As the vine below shows SpaceX were very close yesterday and it looks very possible that they will have at least one successful landing this year if not more. The more flights they have the more attempts they can make.
Almost as soon as United Launch Alliance’s Tory Bruno announced the new Vulcan rocket system did articles start to appear stating that it “would bring down SpaceX”. One from CNN also incorrectly stated that SpaceX aborted the landing of the first stage yesterday.
While that may be the goal of ULA it is way too soon to be making such bold statements.
First as stated yesterday the upgrades will be rolled out in multiple steps starting in 2019 assuming that everything goes as planned with Blue Origin’s development of the BE-4 engine. Even then ULA will have to demonstrate that the rocket is as reliable as there current Atlas V or Delta IV before they can move the government launches to the platform, in previous statements Tory himself said certification could take several years. That doesn’t take into account any re-certification that may be needed when the new upper stage is rolled out.

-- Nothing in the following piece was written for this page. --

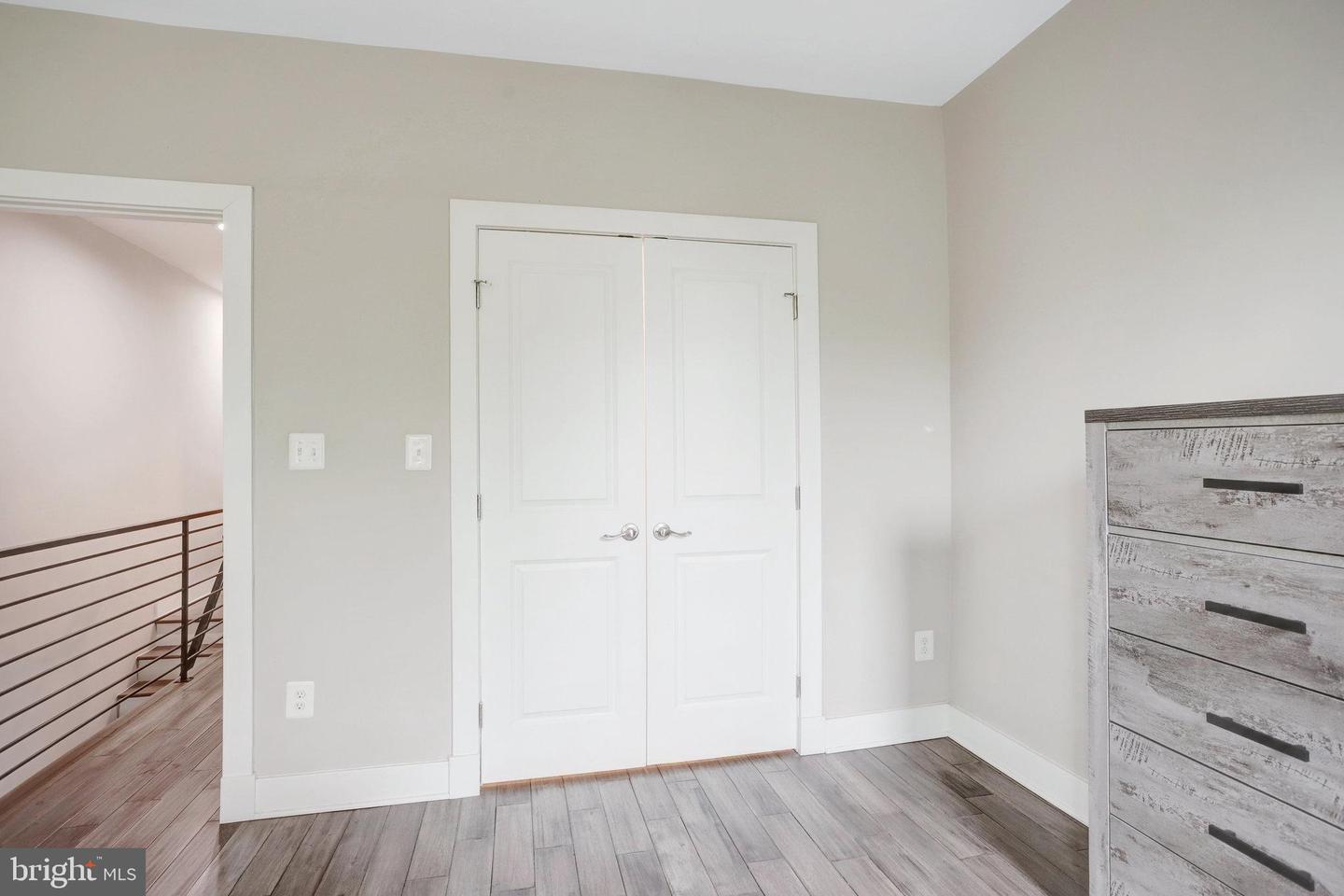 113 R ST NE, WASHINGTON, District Of Columbia 20002, 4 Bedrooms Bedrooms, ,4 BathroomsBathrooms,Residential,For sale,113 R ST NE,DCDC2209280 MLS # DCDC2209280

Second their re-usability plan is for the engines only which will be captured in mid-air and then lowered to a barge and returned to base. While this has been done before it still relies on the weather co-operating and the time needed to return the engines to the factory/hanger for inspection, re-firing and re-integration with another first stage core. At present SpaceX have the same challenges with the Autonomous Spaceport Drone Ship (ASDS) system, but longer term returning to the launch site looks to be more beneficial, only time will tell on that.
Third four-six years is a long time and SpaceX will have plenty of time to improve their offerings, both in relation to payload capacity with Falcon Heavy and on-time launch something they have struggled with so far.
So will Vulcan bring down SpaceX? It seems very unlikely that on its own the new rocket system will bring them down, it will all depend on how SpaceX performed before Vulcan comes online and how they adapt to the competition that it will bring.